» **ABOUT THIS TASK**: Quote all lines below exactly. Images stay out.

Image-caption web data:
* * * *

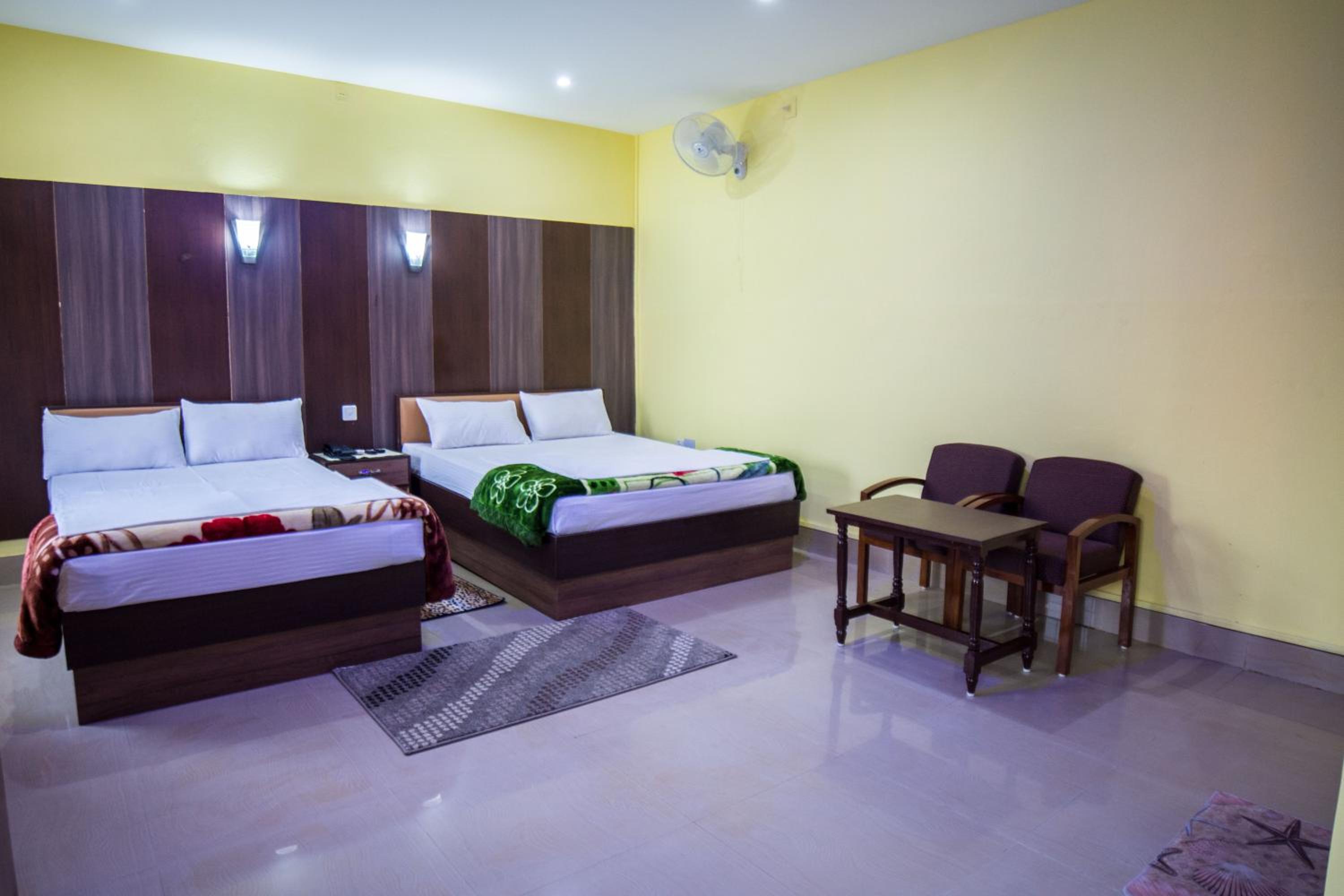 Deluxe Double Room with Bath photo 1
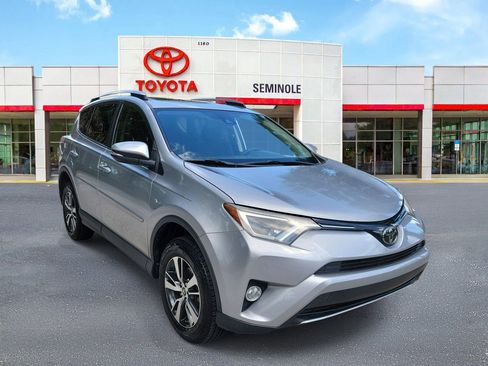Used 2018 Toyota RAV4 XLE FWD image 2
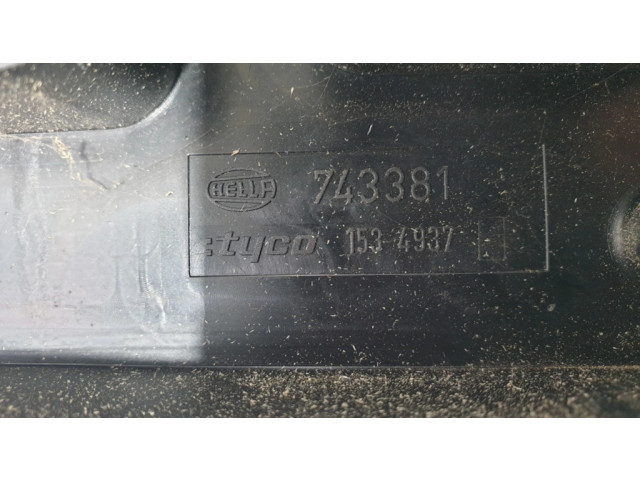   Pojistková skříňka 1534937, 743381   Opel Zafira B 2006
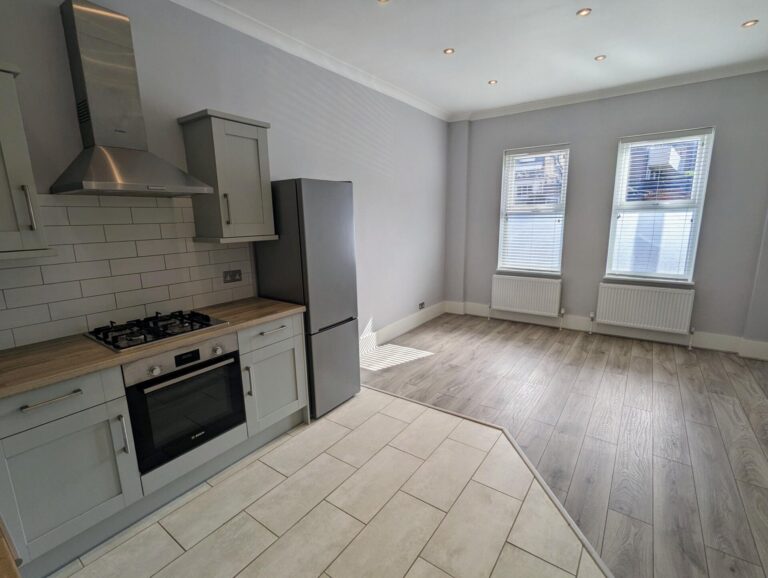 Albany Road, Brentford, TW8
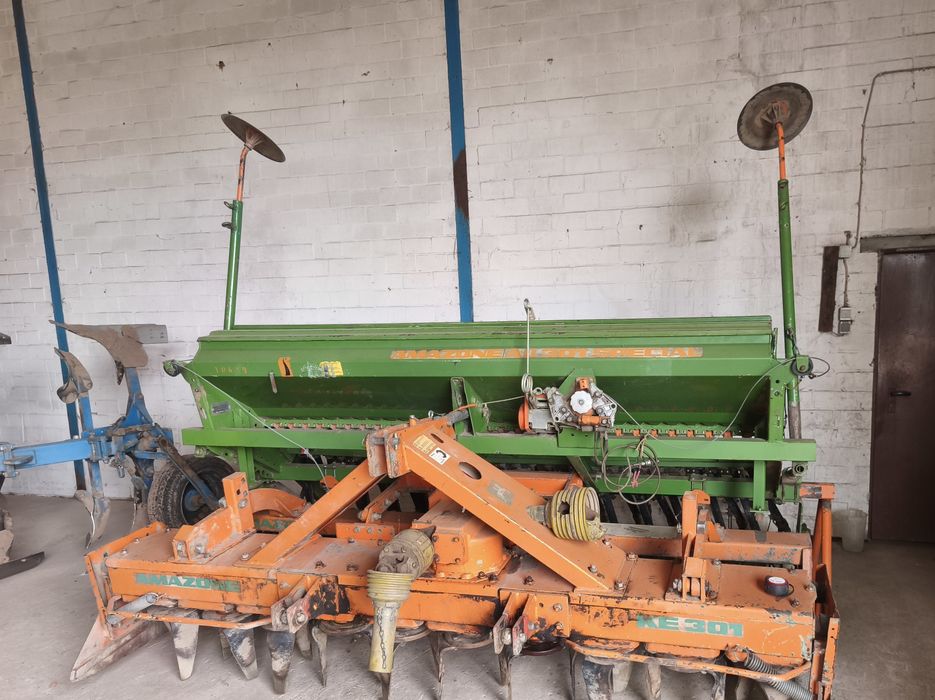 Zestaw uprawowo siewny Amazone AD301+KE301, brona aktywna, agregat, 3m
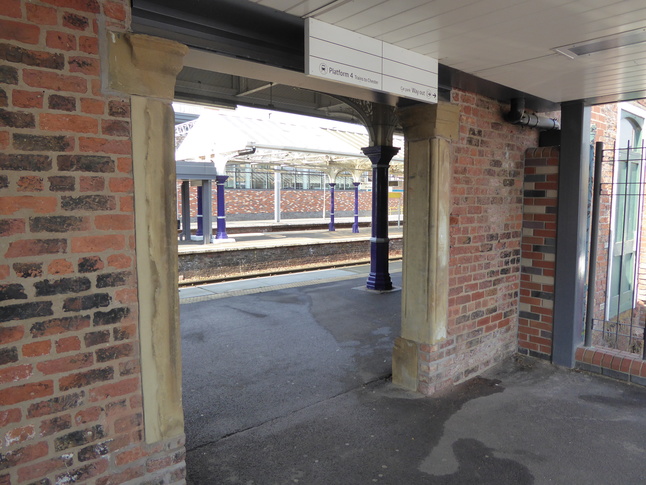 Altrincham platform 4 entrance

* * * *

» **WRITTEN ANSWER**:
 Deluxe Double Room with Bath photo 1
Used 2018 Toyota RAV4 XLE FWD image 2
   Pojistková skříňka 1534937, 743381   Opel Zafira B 2006
 Albany Road, Brentford, TW8
 Zestaw uprawowo siewny Amazone AD301+KE301, brona aktywna, agregat, 3m
 Altrincham platform 4 entrance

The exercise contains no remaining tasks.